On Tuesday, we reported that Latvia’s government was taking legislative steps to change the sums lenders could collect on outstanding mortgages to better reflect the current market value of the properties.
We argued this was probably a move to sidestep the need for devaluation of the local currency — the lat.
BNP Paribas’ FX team on Wednesday, however, interprets things slightly differently. As they write:
The risk of a Latvia devaluation has increased after the Latvian government introduced measures protecting indebted local households and corporates from the side effects of currency devaluation namely the valuation rise of non-local currency denominated debt. The government has proposed to limit the amount a lender can collect from mortgage holders to the valuation of the underlying asset. Hence, debt value and asset value will be linked according to the government’s proposal. Swedish banks have dominated the Latvian markets and must now take most of the losses.
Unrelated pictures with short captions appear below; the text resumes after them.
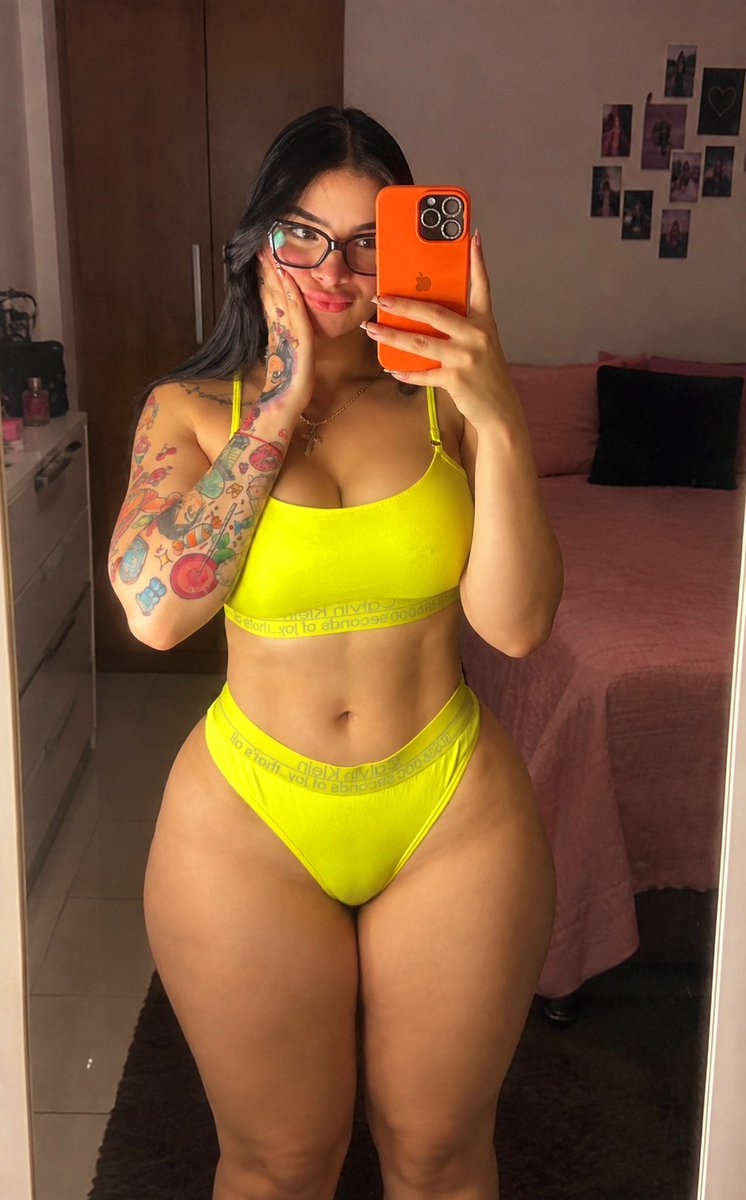 Nataliaheeu's tweet photo. Acordei me sentindo gorda, estou gorda mesmo? 🤔 https://t.co/jsAYOL6auX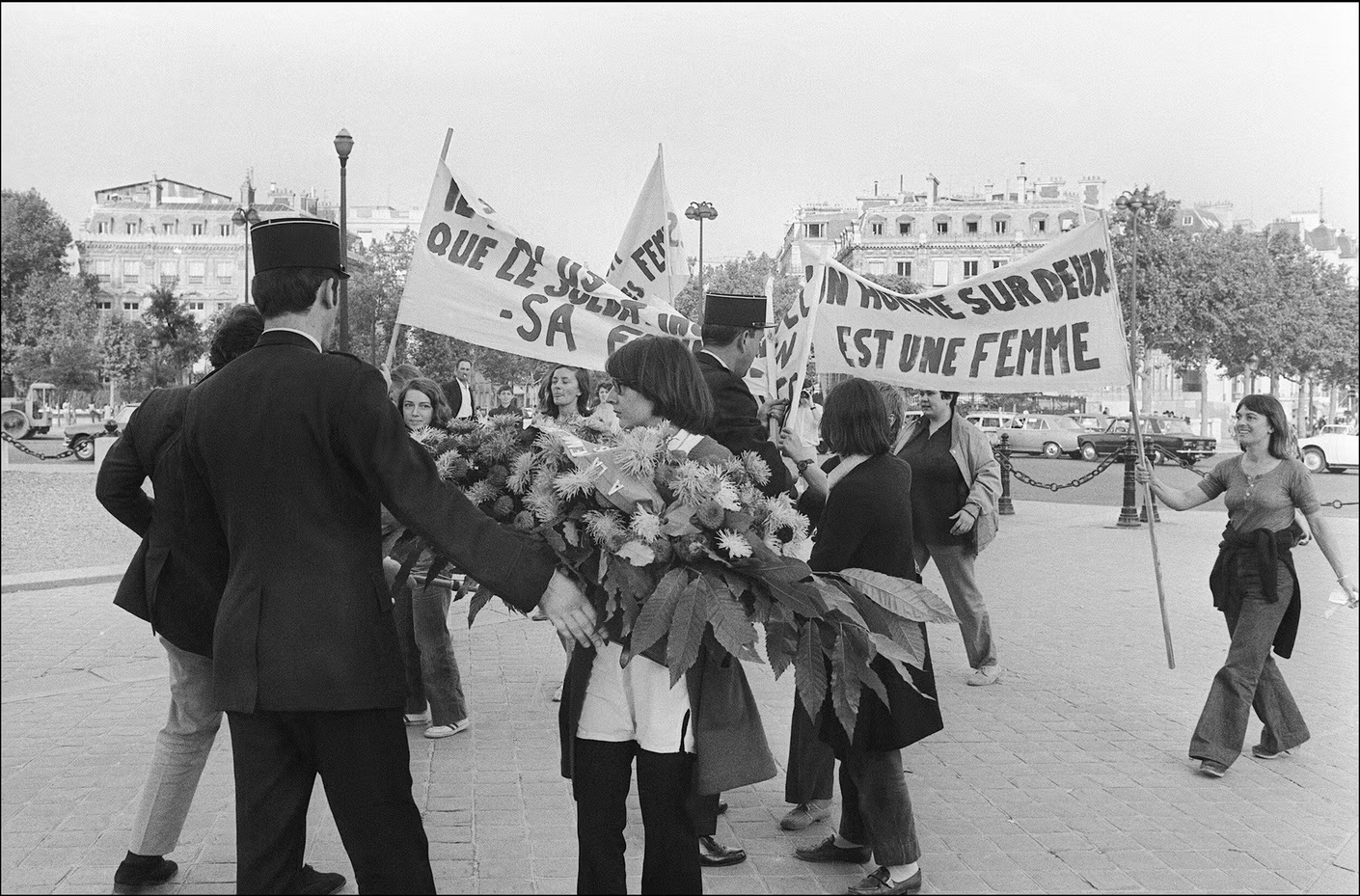 Femme/Lutte/Présent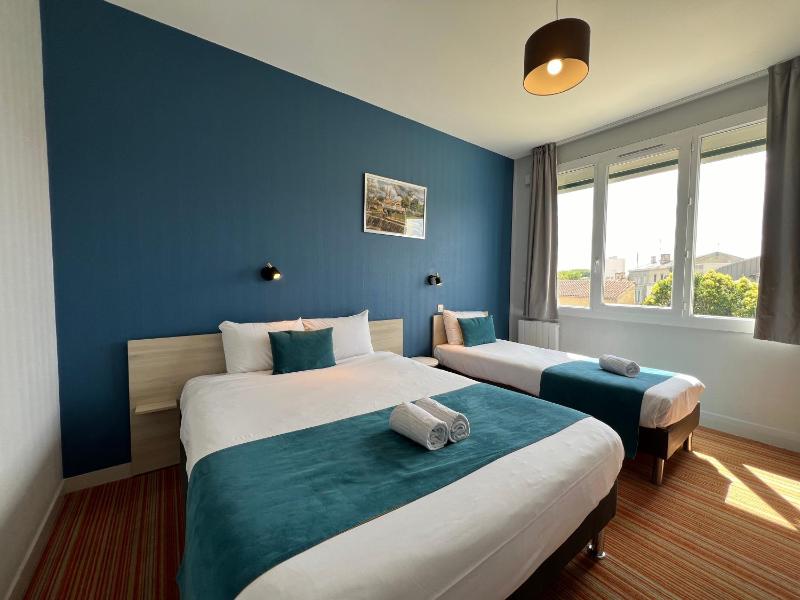 Twin Room image 4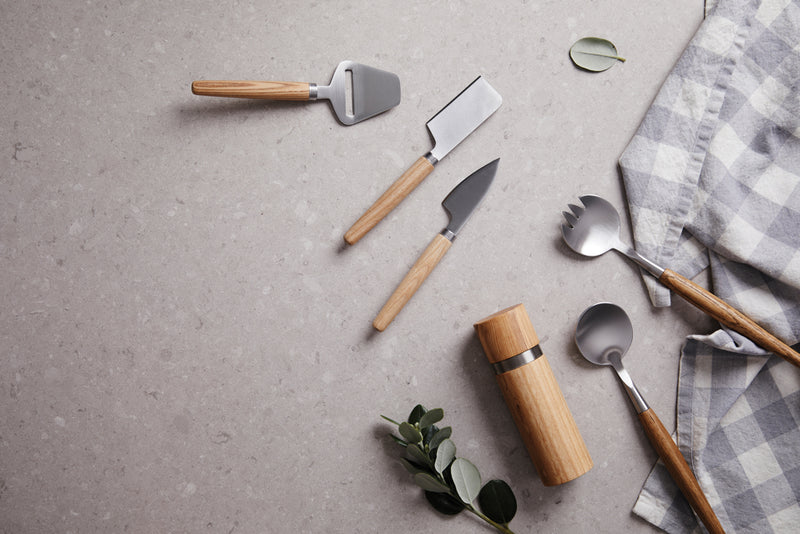 Load image into Gallery viewer, VINGA Retro cheese set - Custom Wood Designs
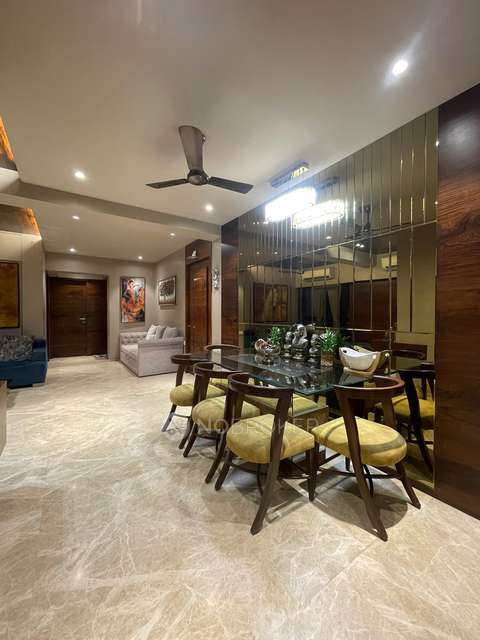 4+ BHK Flat In Melange Building For Sale  In  Santacruz East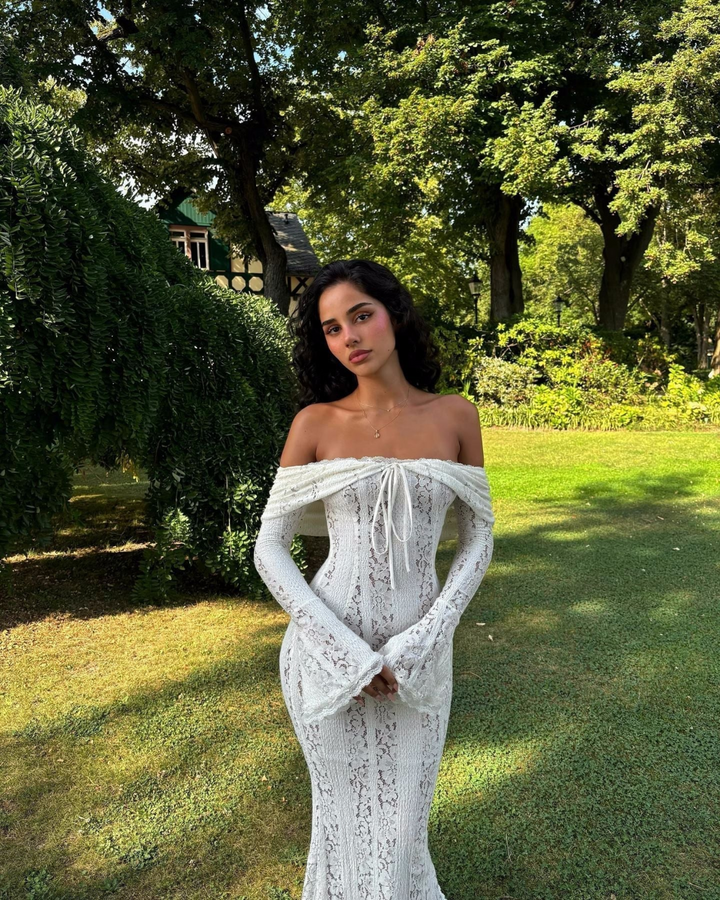 CELESTE LUXE LACE MAXI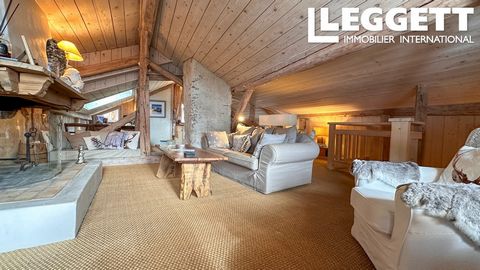 A28233SM73 - This fantastic 168m2 property is incredibly rare to the market and exclusive to Leggett Immobilier. This authentic village house in the centre of this beautiful village of Le Praz, Courchevel comprises: -Ground floor: A reception room an...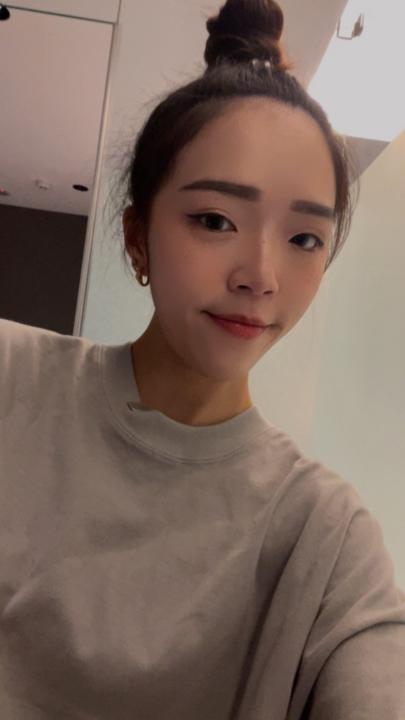 王 芳瑜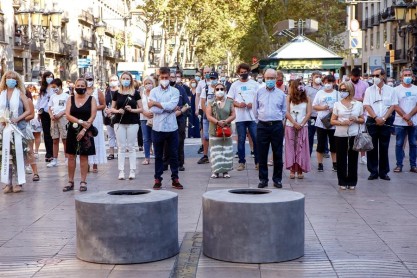 Recuerdan a víctimas de atentado de 2017 en Barcelona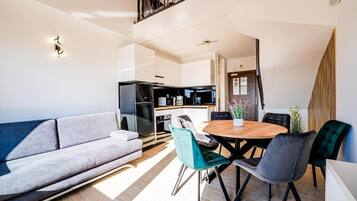 Căn hộ, 2 phòng ngủ, ban công | Nội thất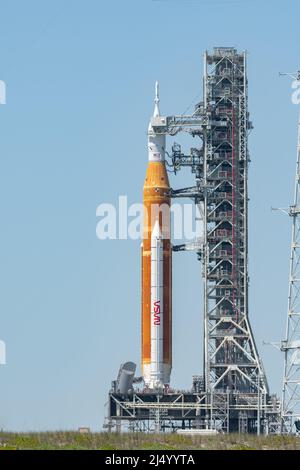 Razzo del sistema di lancio spaziale della NASA al Launch Pad 39B Foto Stock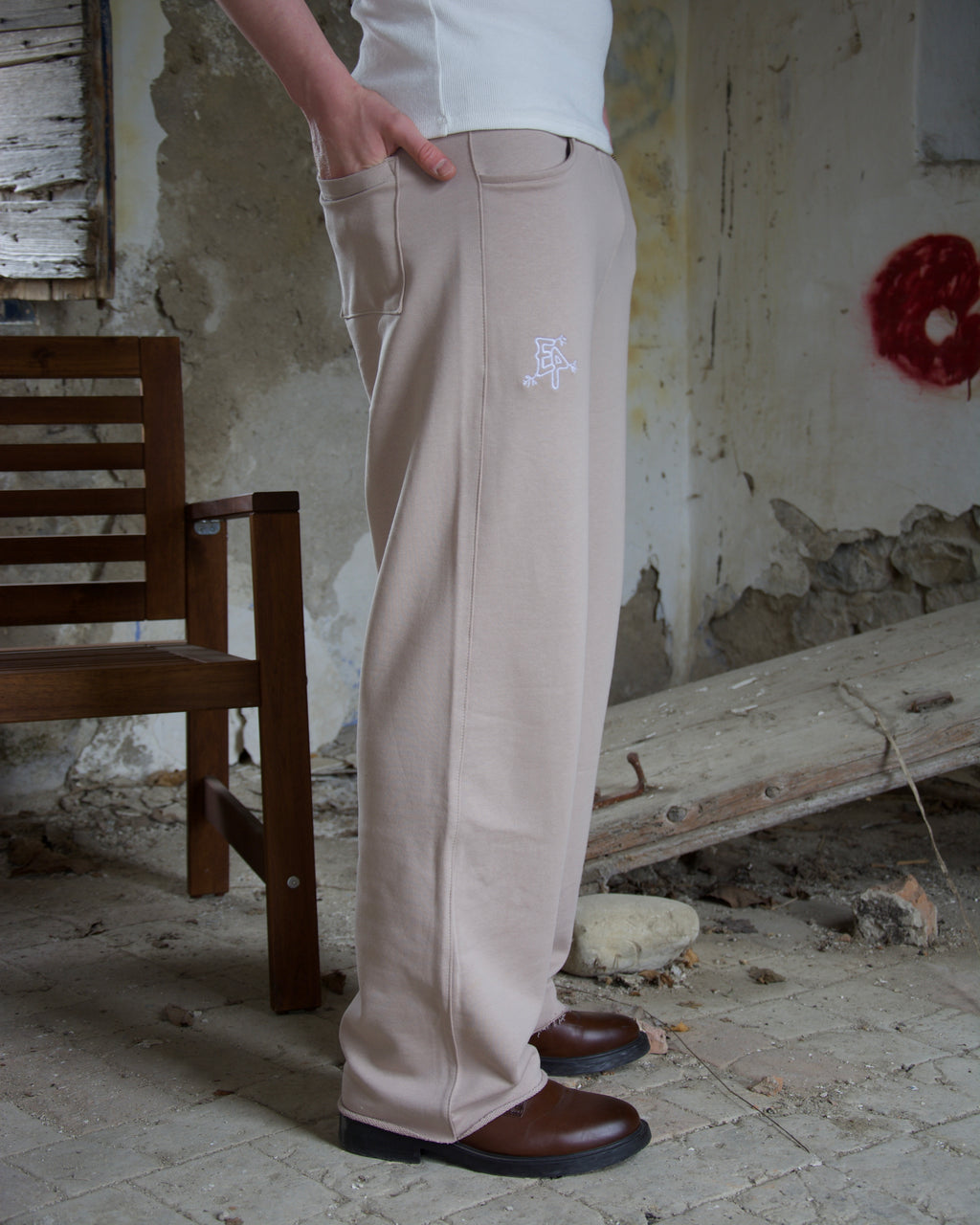 Swaetpants fondo tagliato a vivo con ricamo beige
Swedish banks have balance sheets strong enough to cope with these losses, but the shrinking equity ratio (due to loss realisation) within balance sheets will reduce bank’s capacity to lend and this will also affect the Swedish market.
Effectively, what they’re saying is that the amendments incentivise the case for devaluation by limiting the sums Latvians would have to repay on their mostly euro-denominated mortgages if the lat did lose value against the euro.
That is to say, the move could be more than just a policy tool to ease the pain for Latvians already facing negative equity and struggling to meet current repayments. The state may be buffering itself up for the consequences of devaluation.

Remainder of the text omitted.